Stimmt der Mieter der Vergleichsmieterhöhung nicht zu, zahlt aber auch die erhöhte Miete nicht, muss der Vermieter auf Zustimmung klagen. Der Rechtsweg kostet Zeit und Geld, ist aber die einzige legale Möglichkeit, die Erhöhung durchzusetzen. Eine eigenmächtige Einbehaltung der Kaution oder Aufrechnung ist nicht zulässig. Wir empfehlen in solchen Situationen, frühzeitig rechtliche Beratung in Anspruch zu nehmen.

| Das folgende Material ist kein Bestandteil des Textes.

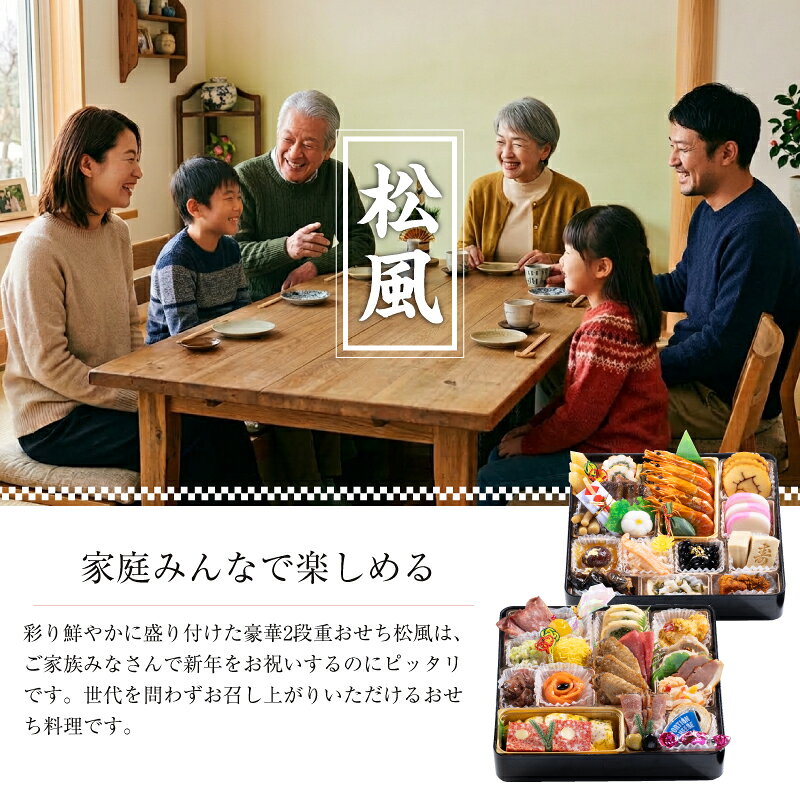 おせち 2027 魚秀 冷蔵 生おせち 早割 予約 和洋折衷『松風』 おせち料理 《2段・おせち全品44品・3～5人前》※12月31日お届け 特大おせち 特典 クーポン 盛付済 惣菜 ギフト 迎春 お節 3人前 4人前 5人前 和風 洋風 uohide7211-10000000 備中国社 魚秀 サンプル画像3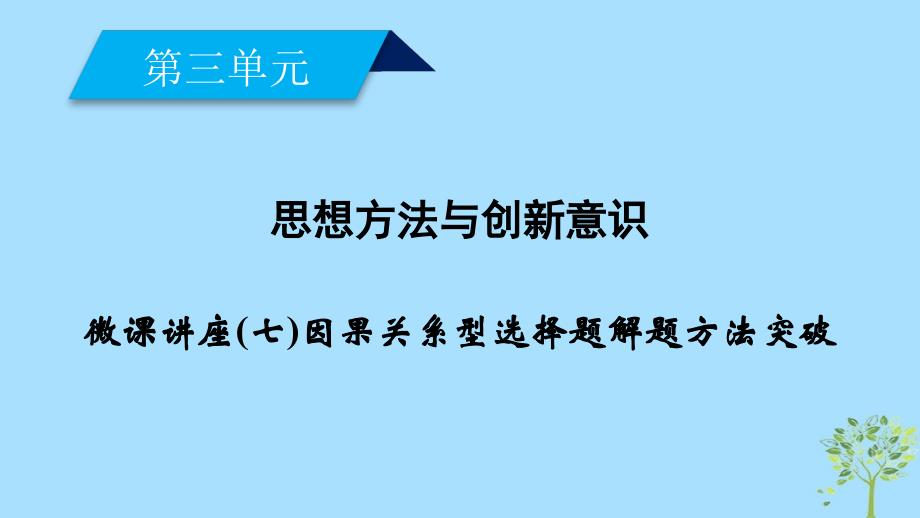 高中政治第三单元思想方法与创新意识微课讲座7因果关系型选择题解题方法突破课件新人教版必修4_第1页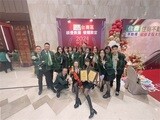 樂屋網待售房屋聯絡人資訊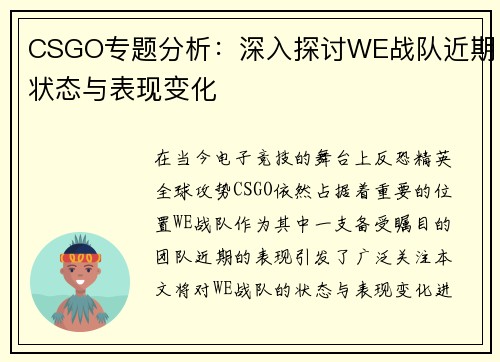 CSGO专题分析：深入探讨WE战队近期状态与表现变化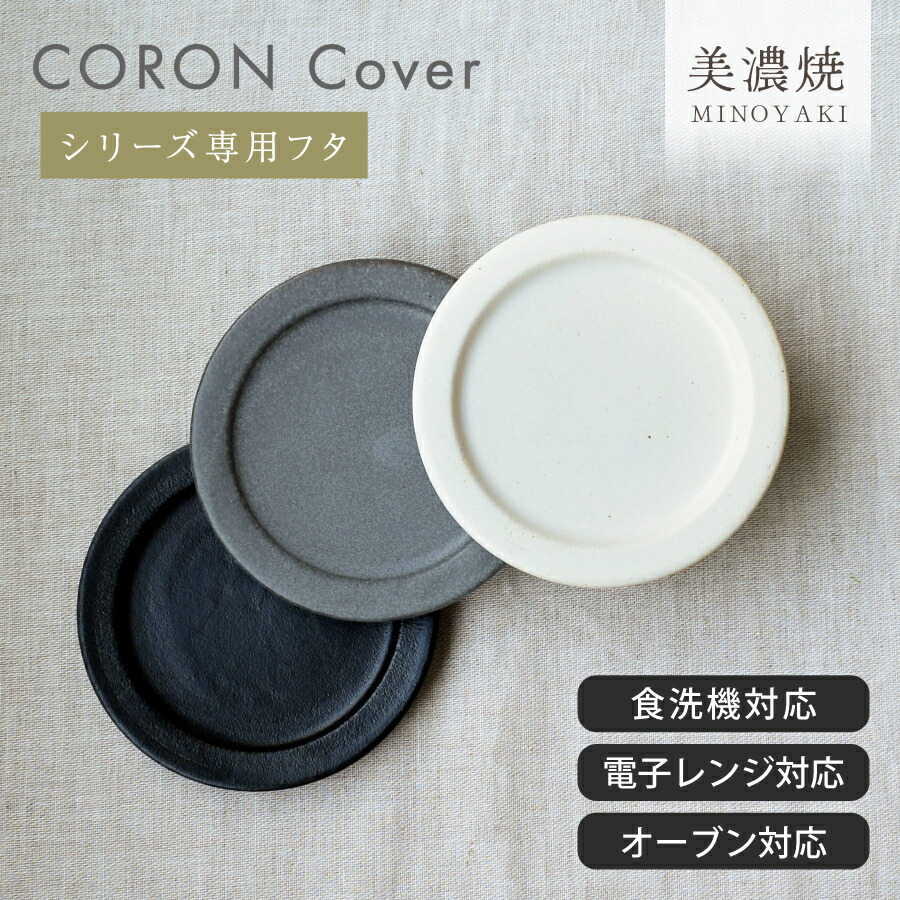 楽天市場】食器 和食器 おしゃれ CORONフタ おひつ用フタ 茶碗/ボウル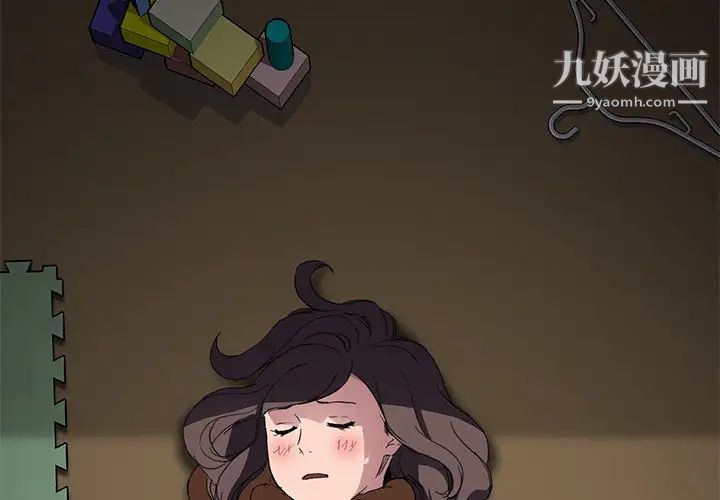 继母第43话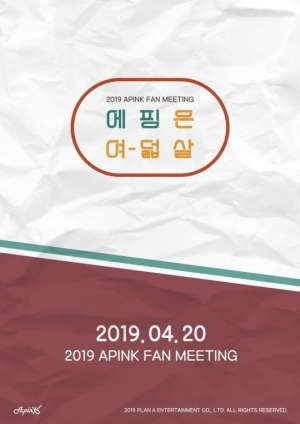 &#34;에핑은 여덟살&#34;...에이핑크, 4월 20일 8주년 기념 팬미팅 &#39;운동회 콘셉트&#39;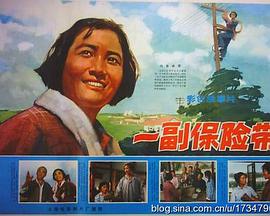 一副保险带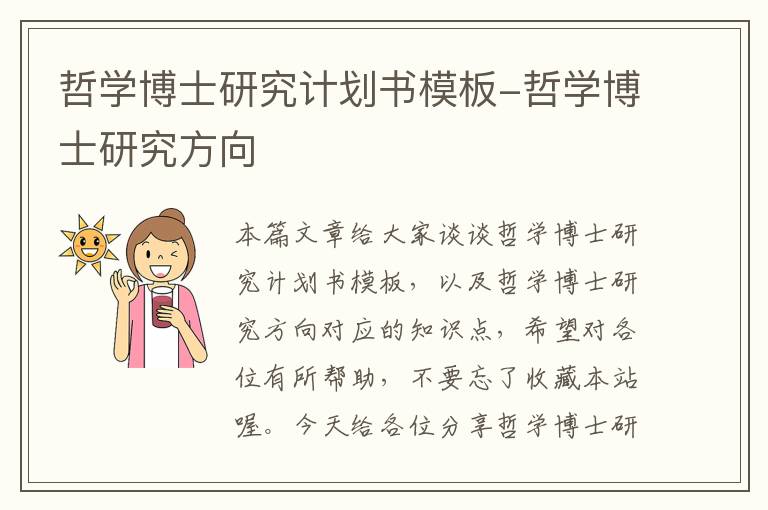 哲学博士研究计划书模板-哲学博士研究方向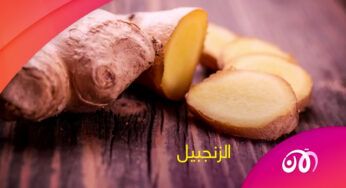 هل تعرف ما هي خصائص وتأثيرات "الزنجبيل" على الجسم؟!.. شاهد هذا الفيديو
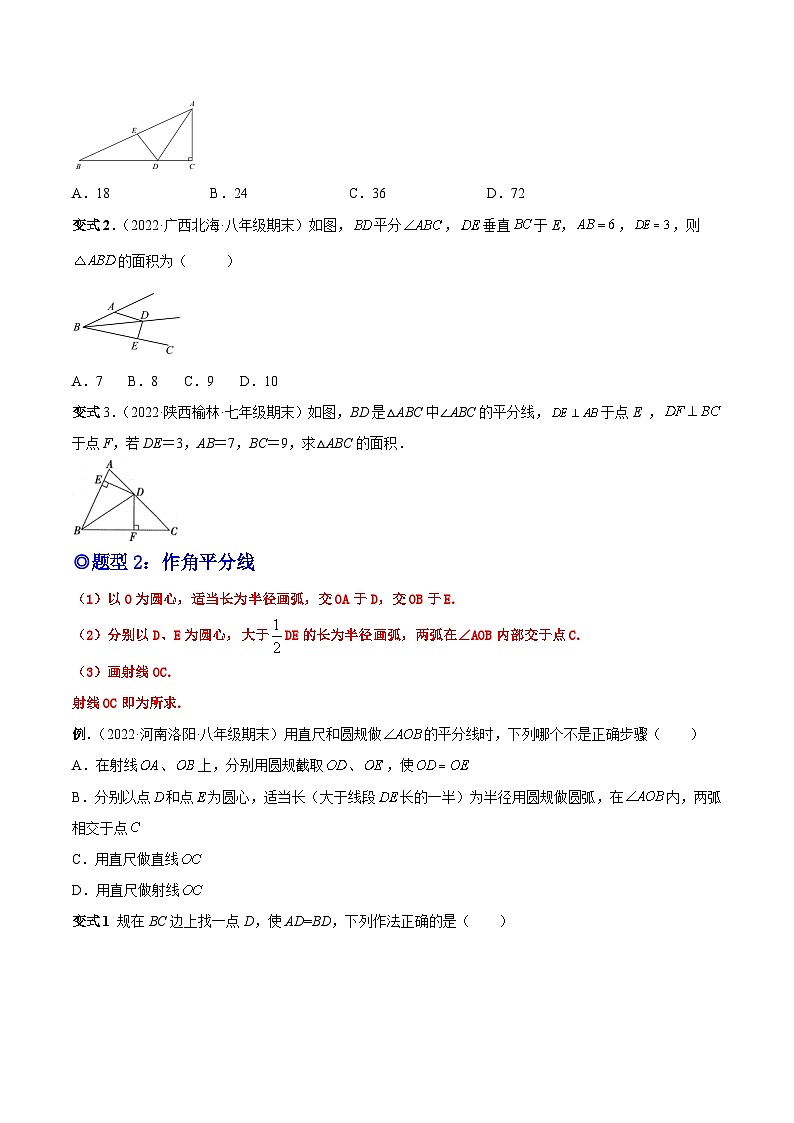 人教版数学八上同步考点分类训练专题08 角平分线的性质和判定(原卷版)第2页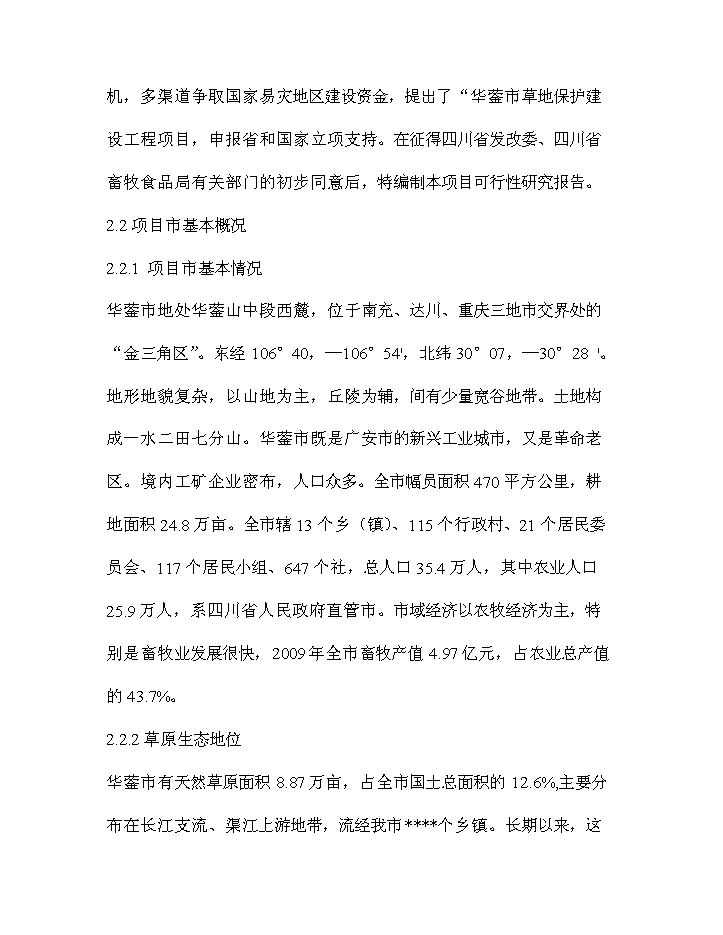 華鎣市草地保護建設工程新增項目評估分析報告第5頁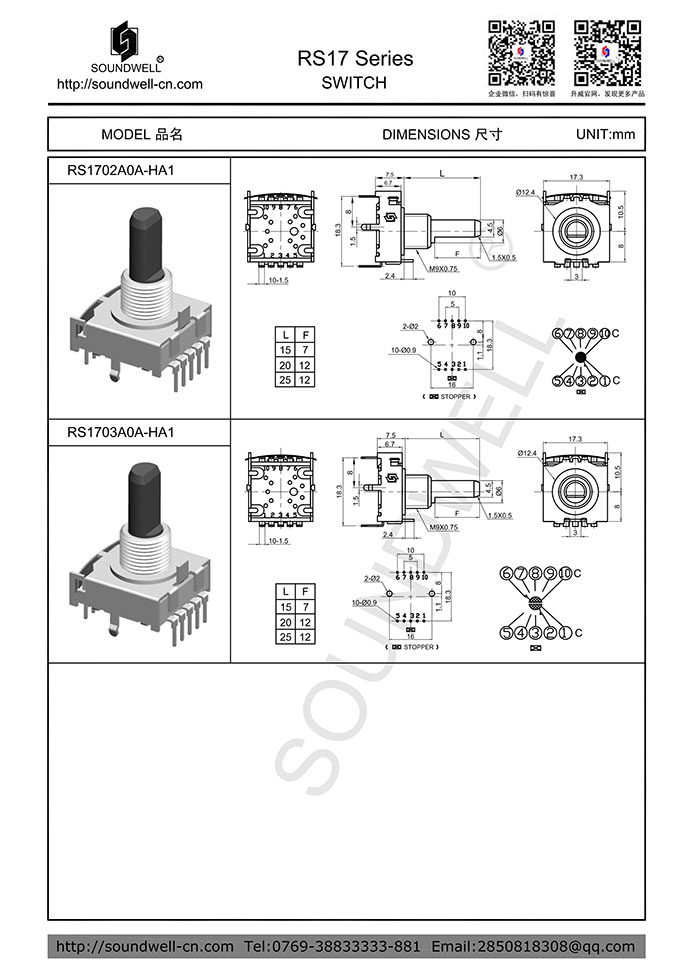 RS17多路開關(guān)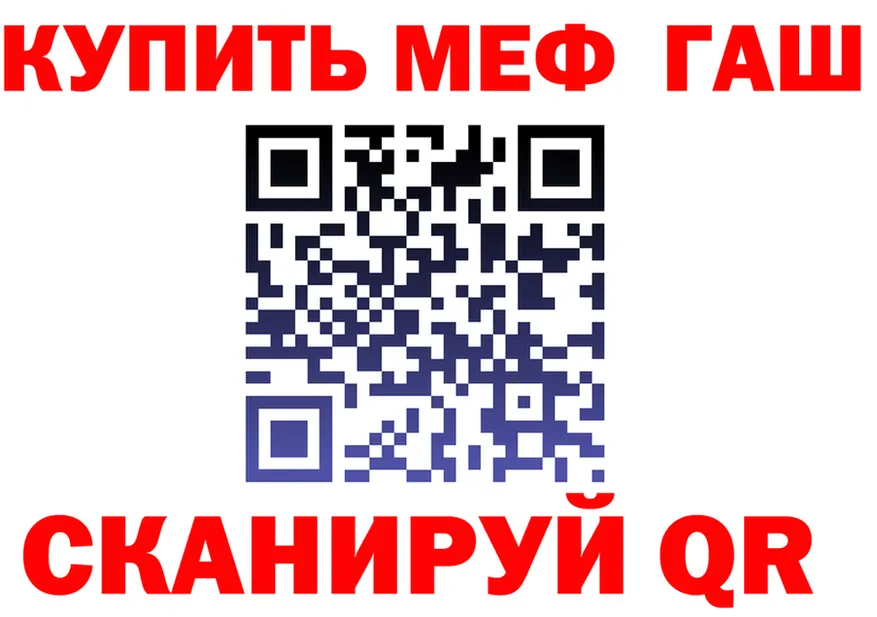 МЕТАДОН VHQ зеркало shop KRAKEN Кинешма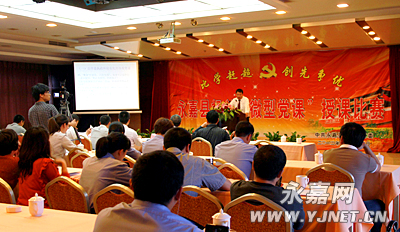 ���ؾ����׽���ء�΢�͵��Ρ��ڿα���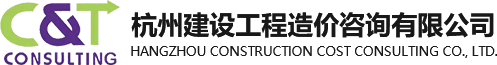 杭州建設(shè)工程造價(jià)咨詢有限公司【官網(wǎng)】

Wie funktioniert die Indexmiete in der Praxis bei hoher Inflation?

Bei einer Indexmiete erhöht sich die Miete automatisch im Verhältnis zum Verbraucherpreisindex (VPI) des Statistischen Bundesamts. Steigt der Index um 5 %, darf der Vermieter die Miete um 5 % erhöhen - allerdings nur nach schriftlicher Mitteilung, in der der neue Index, die prozentuale Veränderung und der neue Mietbetrag ausgewiesen werden. Diese Mitteilung ist kein Erhöhungsverlangen, das der Mieter zustimmen muss, sondern eine Ankündigung. Die erhöhte Miete wird ab dem Beginn des übernächsten Monats nach der Mitteilung fällig. In Nürnberg haben Indexmietverträge durch die Inflationsphase 2022/2024 erhebliche Mieterhöhungen ausgelöst - Vermieter profitierten von automatisch steigenden Mieten, während Mieter teils deutliche Mehrbelastungen erlebten. Wer heute einen neuen Mietvertrag abschließt, sollte die langfristigen Folgen einer Indexmiete für beide Seiten sorgfältig durchrechnen, da die zukünftige Inflationsentwicklung ungewiss ist.